The problem = Leaving out pictures, output exactly the lines below from the one that has "Hochwasser 2013" through the one that has "CIMR-AB4A0005FBA Frequency Inverter", and nothing else.

(Saved data entries)
━━━━━━━━━━━━━━━━━━━━
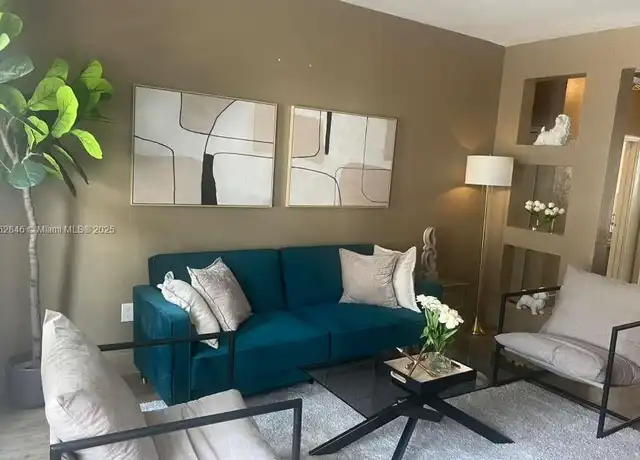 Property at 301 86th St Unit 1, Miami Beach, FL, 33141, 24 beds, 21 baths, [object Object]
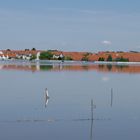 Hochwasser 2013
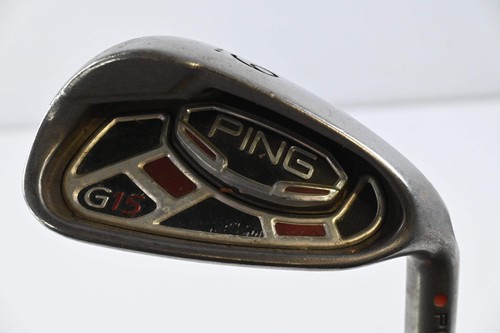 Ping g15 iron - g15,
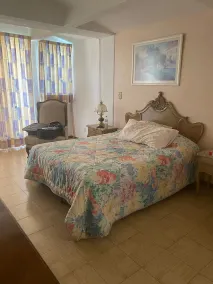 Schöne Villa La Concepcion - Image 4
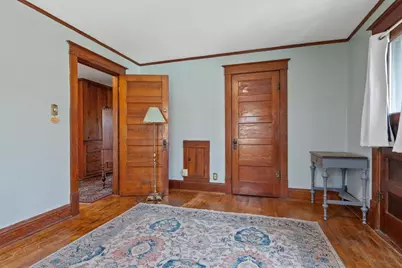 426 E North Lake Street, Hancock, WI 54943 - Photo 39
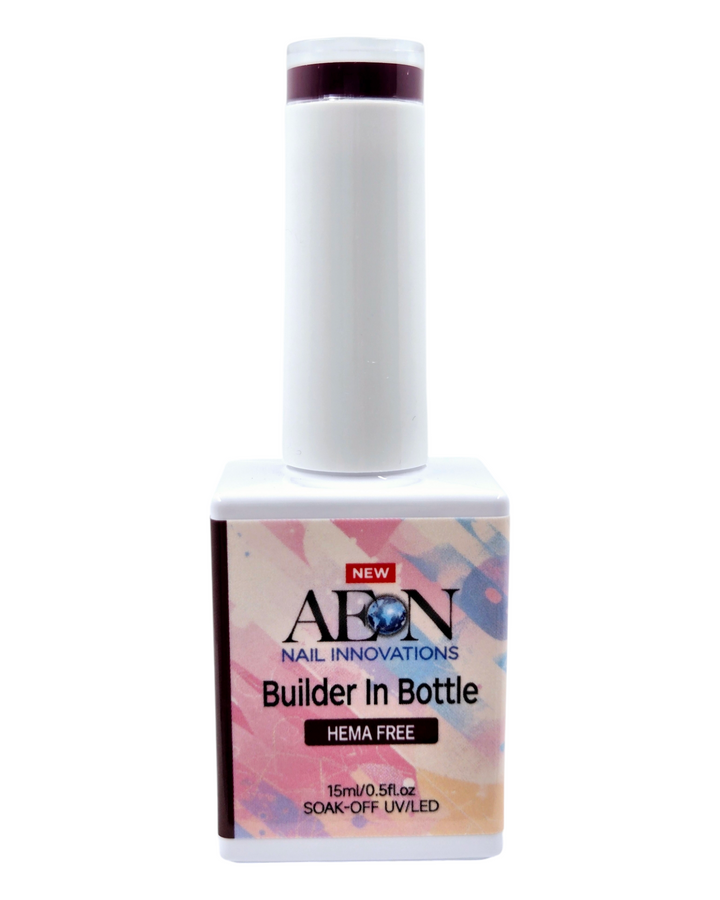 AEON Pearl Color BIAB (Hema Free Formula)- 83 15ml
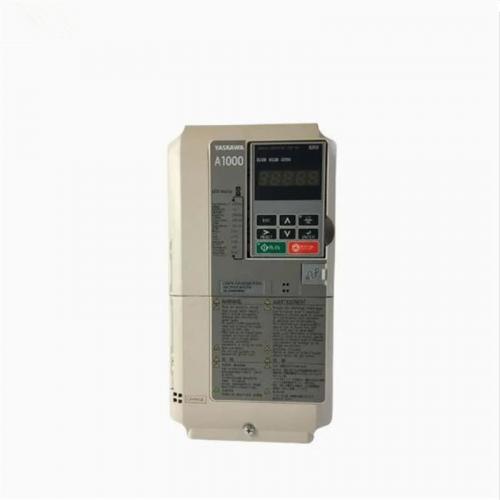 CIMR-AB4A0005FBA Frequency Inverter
━━━━━━━━━━━━━━━━━━━━
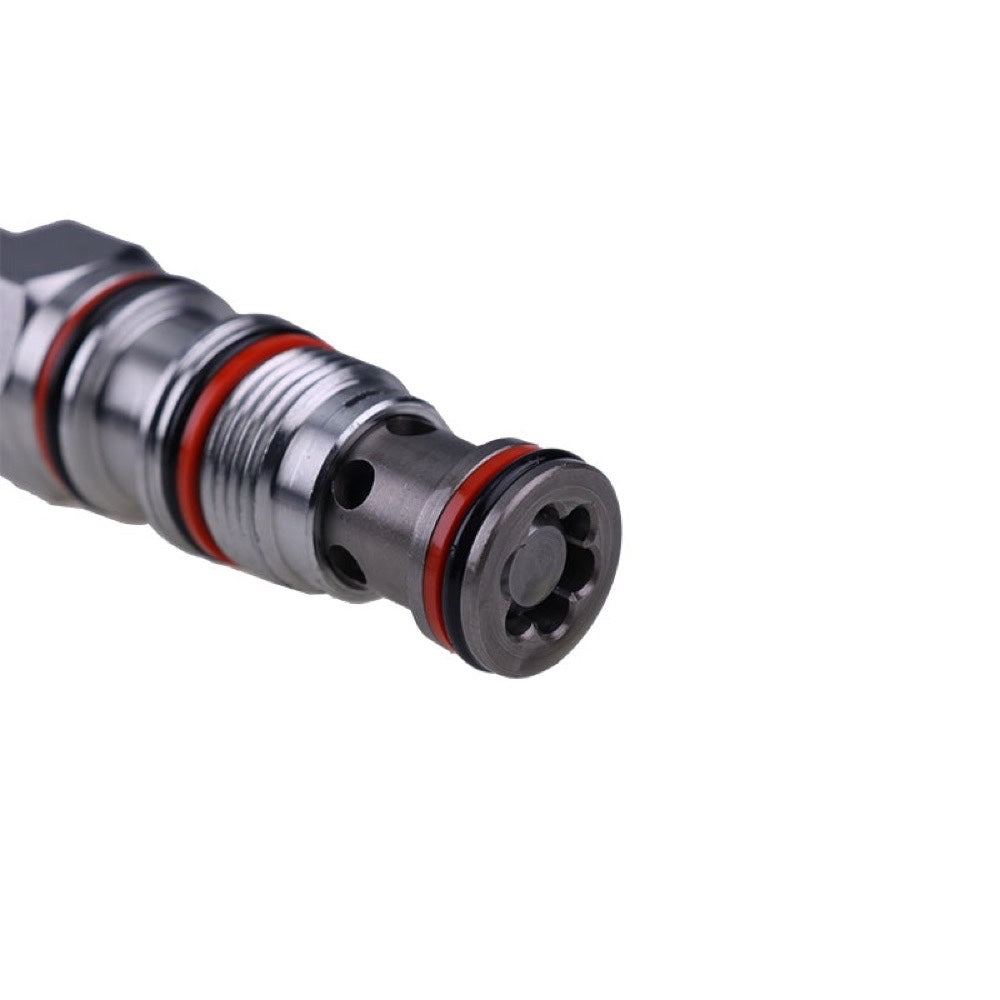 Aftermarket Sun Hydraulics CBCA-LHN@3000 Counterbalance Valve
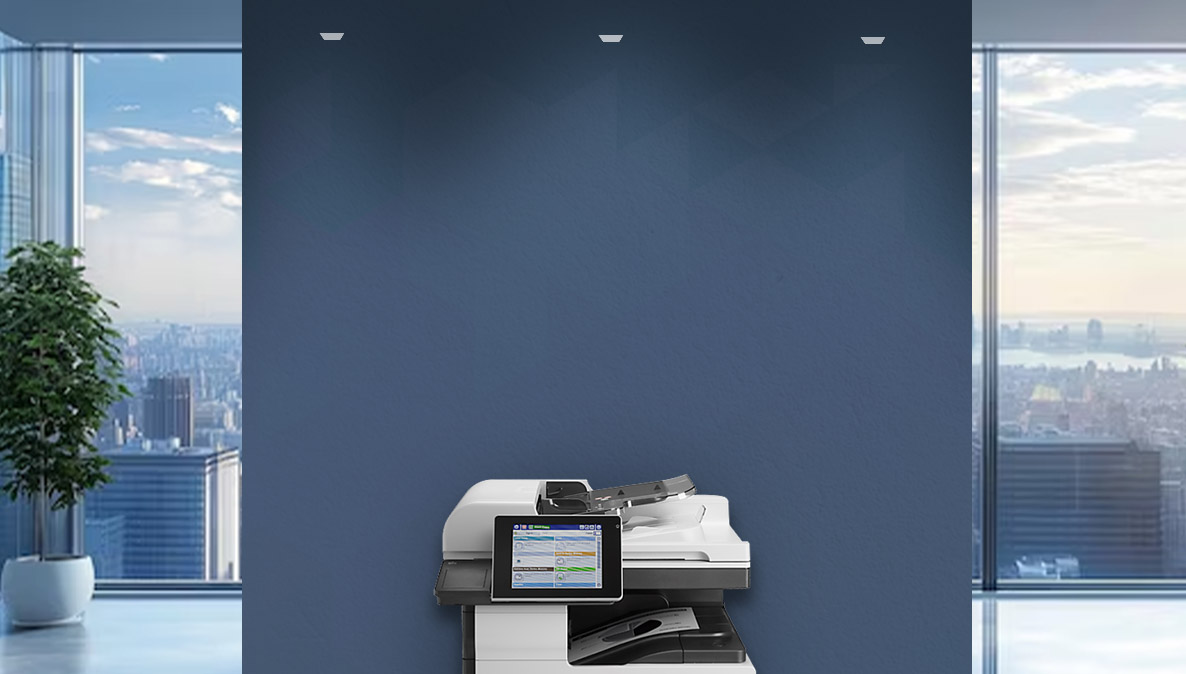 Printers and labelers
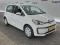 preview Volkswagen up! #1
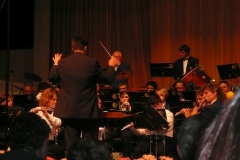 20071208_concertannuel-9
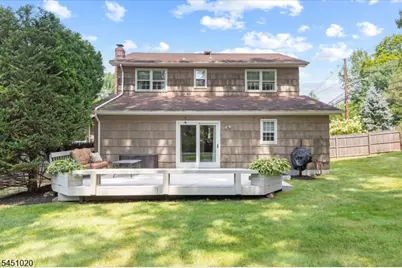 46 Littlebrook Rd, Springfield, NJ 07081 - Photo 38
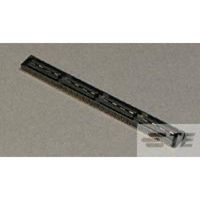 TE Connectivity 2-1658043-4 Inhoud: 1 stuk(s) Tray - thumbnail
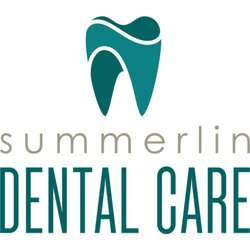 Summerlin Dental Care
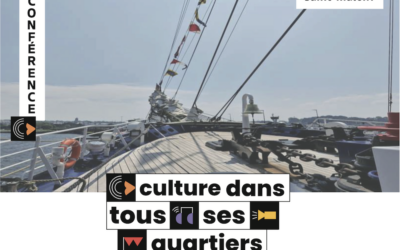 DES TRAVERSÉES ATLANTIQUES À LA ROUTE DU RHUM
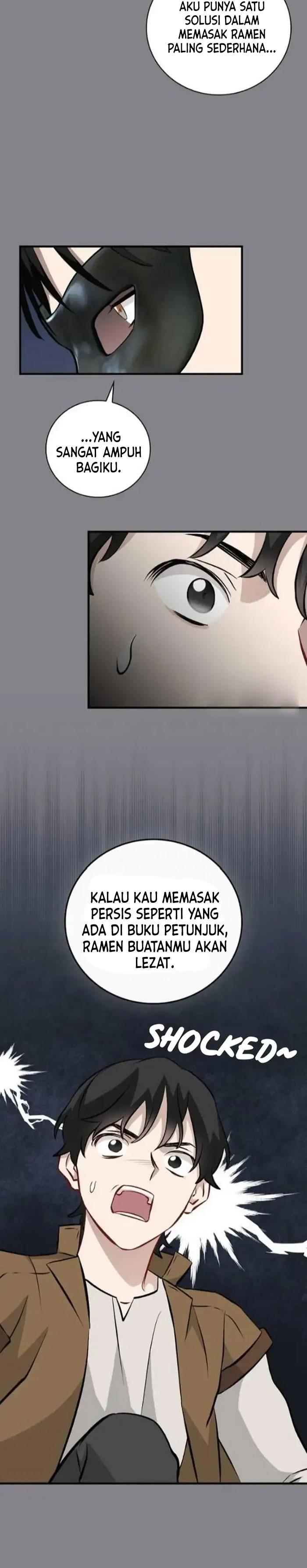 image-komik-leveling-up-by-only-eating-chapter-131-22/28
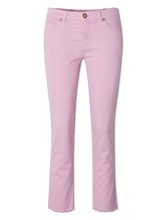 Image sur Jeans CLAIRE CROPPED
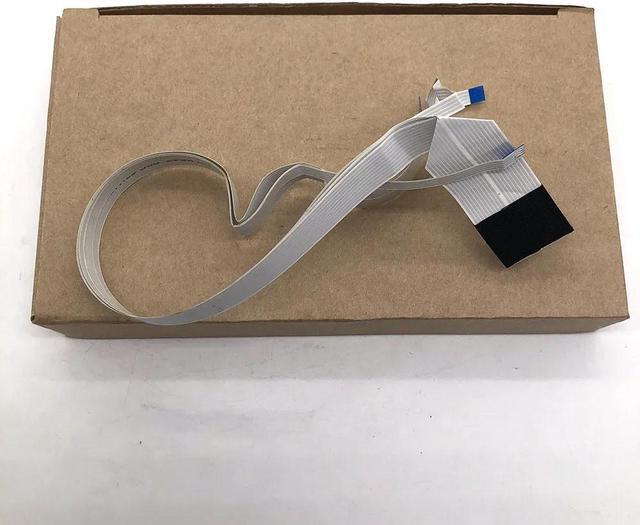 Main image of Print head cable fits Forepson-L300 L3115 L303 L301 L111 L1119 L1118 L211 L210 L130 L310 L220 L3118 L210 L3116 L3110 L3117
━━━━━━━━━━━━━━━━━━━━
Finished exercise =
 Hochwasser 2013
 Ping g15 iron - g15,
 Schöne Villa La Concepcion - Image 4
 426 E North Lake Street, Hancock, WI 54943 - Photo 39
 AEON Pearl Color BIAB (Hema Free Formula)- 83 15ml
 CIMR-AB4A0005FBA Frequency Inverter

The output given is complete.